In “Avengers: Endgame,” the main hero is Ironman, but the other main characters are the Hulk, Black Widow, Hawkeye, and Captain America. Yet the real story is about Ironman.
Once you have a single, central character as your hero, the next step is to divide your story into four Acts:
- Act I — The hero is stuck in a dead end life.
- Act IIa — The hero enters a new world.
- Act IIb — The hero makes an initial attack against the villain.
- Act III — The hero confronts the villain.
In “The Firm,” a lawyer is hired into a law firm that’s run by the Mafia. His ultimate goal is to take down the Mafia with the help of the FBI so the four Act structure of the hero’s story looks like this:
- Act I — The hero has been hired by a law firm and he has to work extraordinarily long hours.
- Act IIa — The hero learns suspicious activity in the law firm.
- Act IIb — The hero starts cooperating with the FBI to get evidence against the law firm.
- Act III — The hero helps the FBI take down the law firm and the Mafia family that’s supporting them.
By outlining the basic structure of your hero’s story, you can get the main plot of your overall story. In “Die Hard,” the four Act structure looks like this:
- Act I — The hero wants to get back with his wife.
- Act IIa — The hero is forced to flee, barefoot, and hide in a skyscraper alone.
- Act IIb — The hero helps rescue the SWAT team.

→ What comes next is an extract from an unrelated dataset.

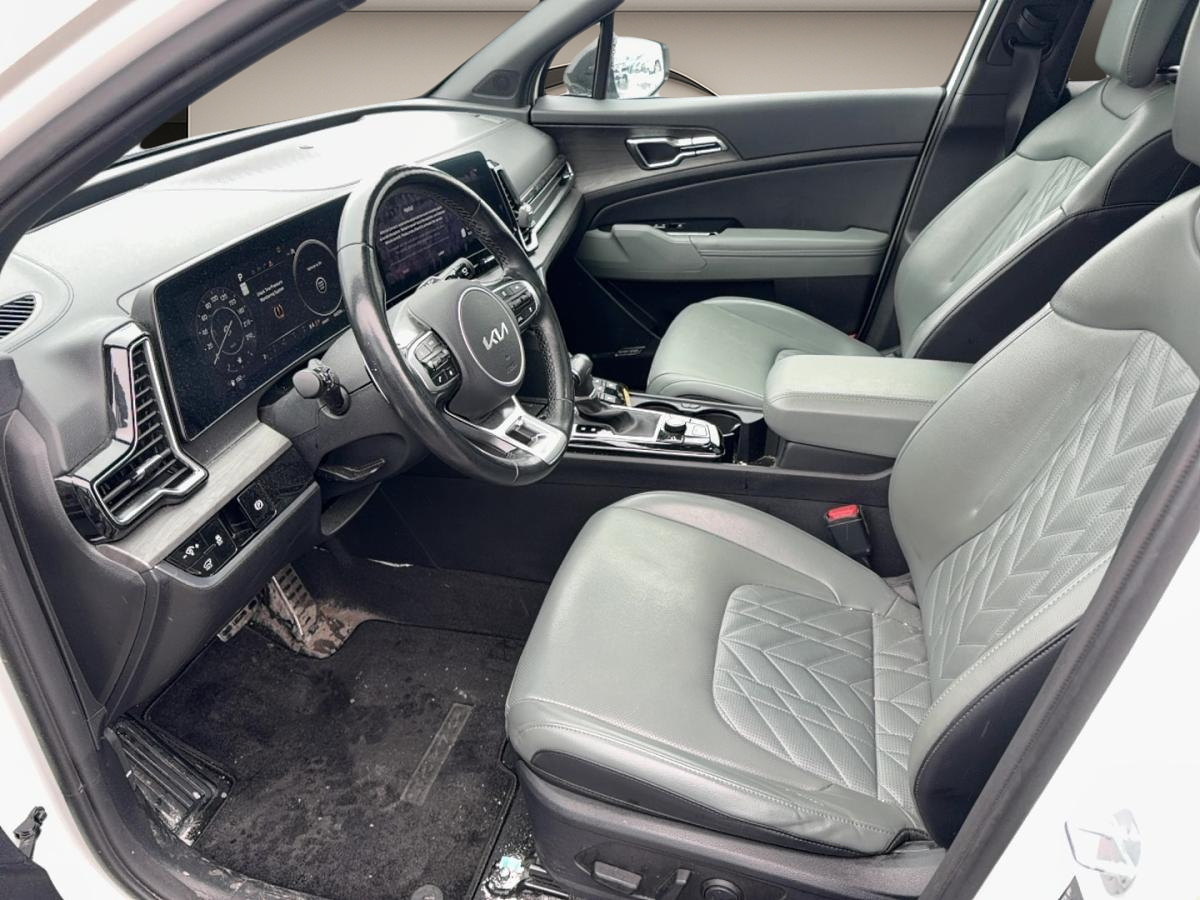 2023 Kia Sportage - Image 8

- Act III — The hero kills the villain and gets back with his wife.
Act I is where the hero starts and defines the initial question that absolutely must be answered in the end. In “Die Hard,” that initial question is whether the hero will get back with his wife or not. By Act III, this initial question is answered because the hero does get back with his wife.
Act IIa is where the hero enters a new world and learns the rules of this new world. Act IIb is where the hero starts attacking the villain directly. This is where the hero succeeds but nearly fails in the end.
In “Die Hard,” Act IIb is where the hero rescues the SWAT team, foiling the villain. However, the villain then cripples the hero and finally learns about the hero’s wife.
Act III not only answers the initial question from Act I but also sets up the final battle between the hero and the villain.
Just briefly outline what happens in each Act for your hero and you’ll go a long way towards defining the structure of your story.